If anything, Sunday's election results in France should serve as a stern warning to Islamists, who have sought to subdue Europe either by force or by emigration: the continent's "tolerance" is running out.
Marine Le Pen, long considered a fringe politician of the far-right, another of the anti-European Union populists, took second in the first round of voting among the 11 candidates on the ballot. She now moves into a head-to-head runoff election against the favorite in the race, Emanuel Macron, a political centrist who wants to maintain the EU relationship and takes a much softer view on immigration policy.

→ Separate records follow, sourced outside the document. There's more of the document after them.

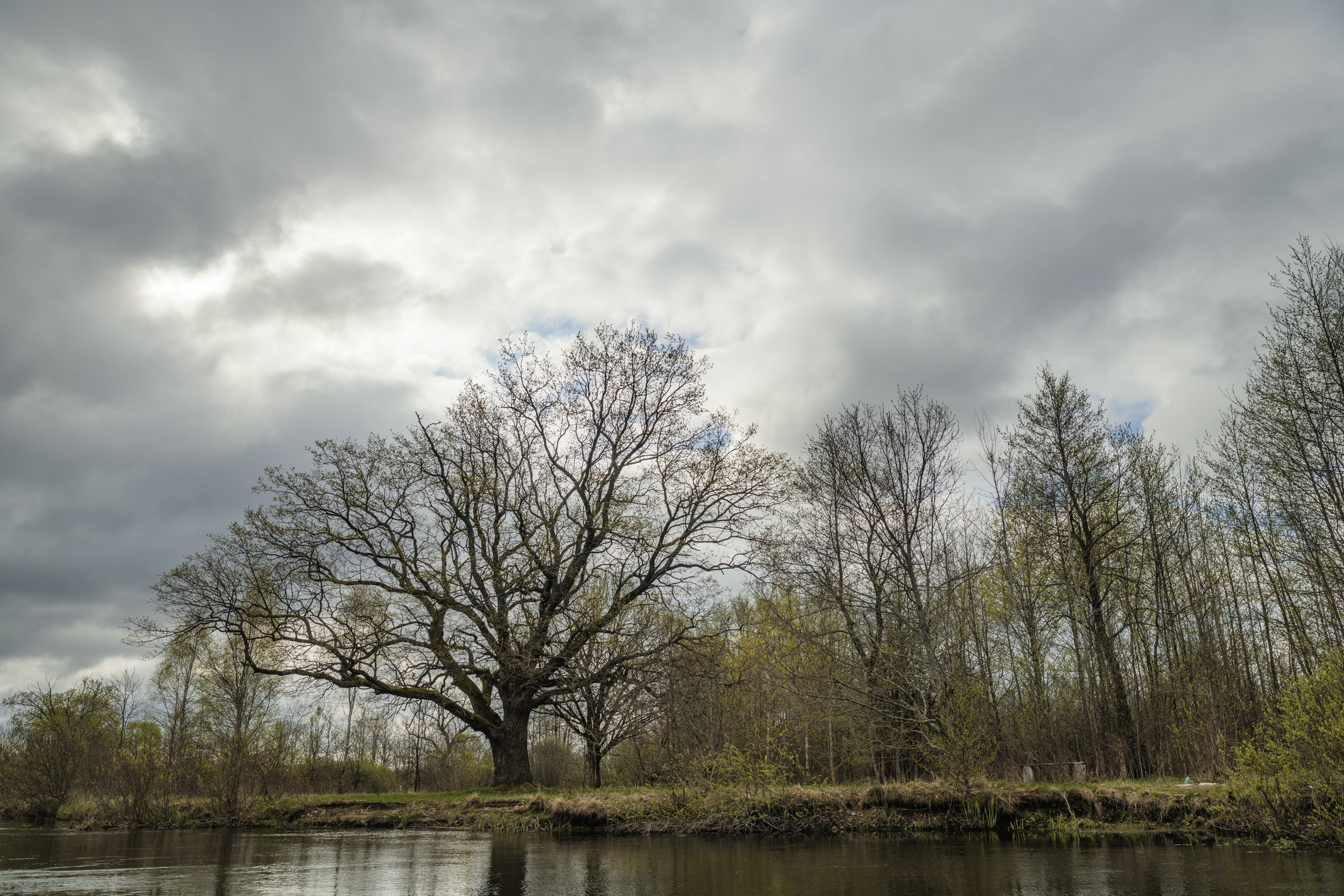 Водный поход 1-й кс по реке Случь. Репортажный фотограф Владимир Беляй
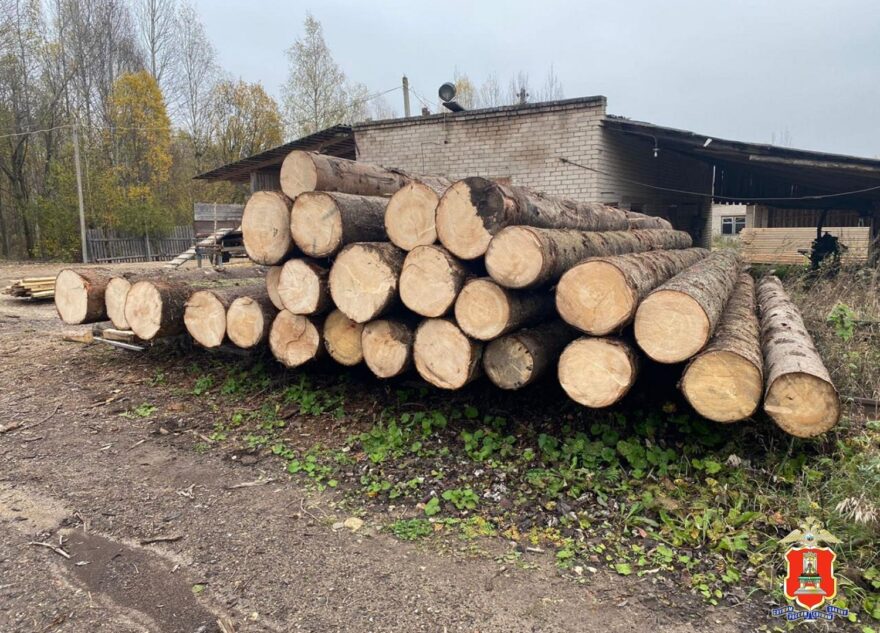В Тверской области мужчина незаконно нарубил деревьев на два миллиона рублей В Тверской области мужчина незаконно нарубил деревьев на два миллиона рублей
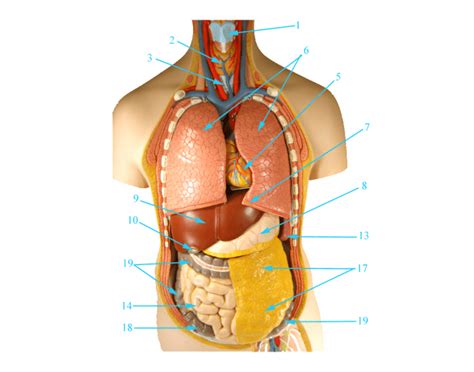 Vevor torso anatomy model 17inch human torso 23 parts integumentary system of the upper torso. Torso anatomy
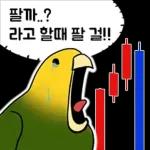 투자 전문가, 껄무새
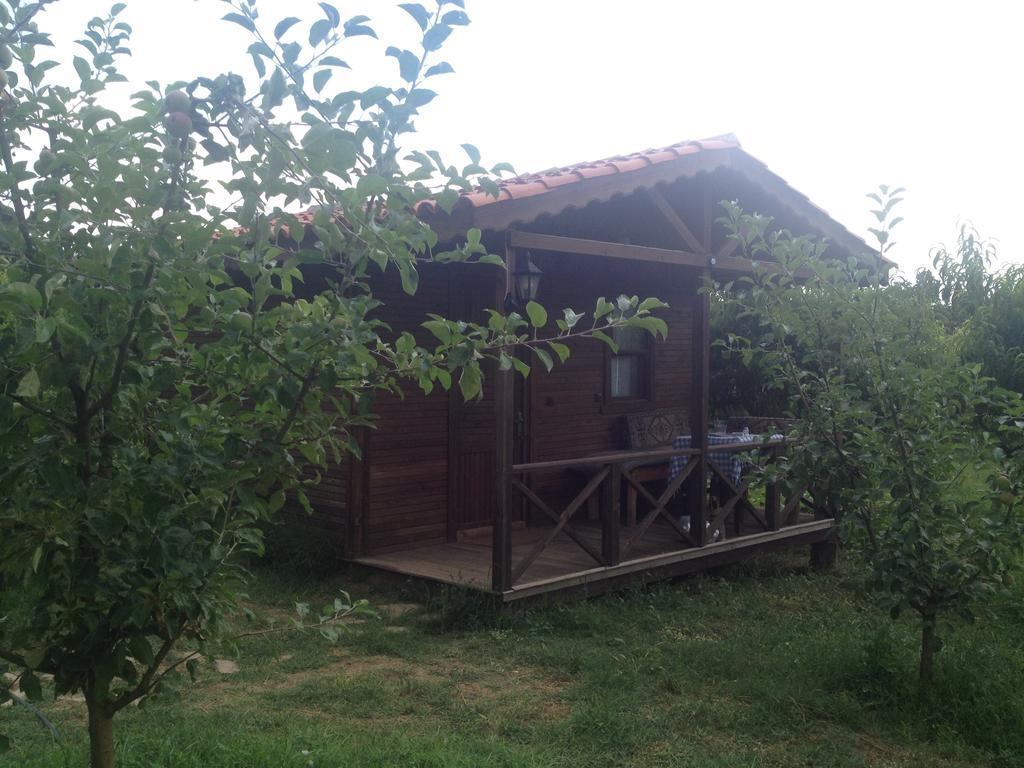 Salkim Konak Ve Agac Evler Selçuk Ruang foto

Le Pen, however, has continued to gain momentum—particularly after last week's terror attack in Paris. She told supporters at a rally Sunday night:
"The choice now is between wild globalization, a world in which terrorists can travel freely, and a France with strong borders. It is time to free the French people from the arrogant elite. I am the candidate of the people. I call all patriots wherever they come from, whatever their origin, to join me. What's at stake is France's survival."
In a move that is probably reminiscent to last year's American presidential campaign, Le Pen and her National Front party are frequently likened to the Nazis of 1920s and '30s Germany. In fact, the candidates of all the major parties—even the conservative Republicans—have urged their supporters to back Macron.
Some in the media have attempted to paint the election as a surrogate battle between President Donald Trump, who is also a populist, and President Barack Obama, who publicly called to lend his support to Macron.
But the fact that a political party that has only ever qualified for the second round of the French presidential election is now polling with the support of nearly 40 percent of voters, and the alternative candidate is a centrist who is running his own independent campaign and was largely a political unknown until three years ago means the establishment has been rocked again. The people of Europe are demanding change, particularly when it comes to their own national security.
France is a linchpin, in many ways, for Europe. Islamists have, for decades, used its quirky immigration rules whereby a citizen from any former French colony or territory may immediately apply for French citizenship as a means to quickly infiltrate European culture. It also remains one of the most influential members of European Union—and will gain even more stature once Brexit is complete.
The runoff election between Le Pen and Macron will be held May 7.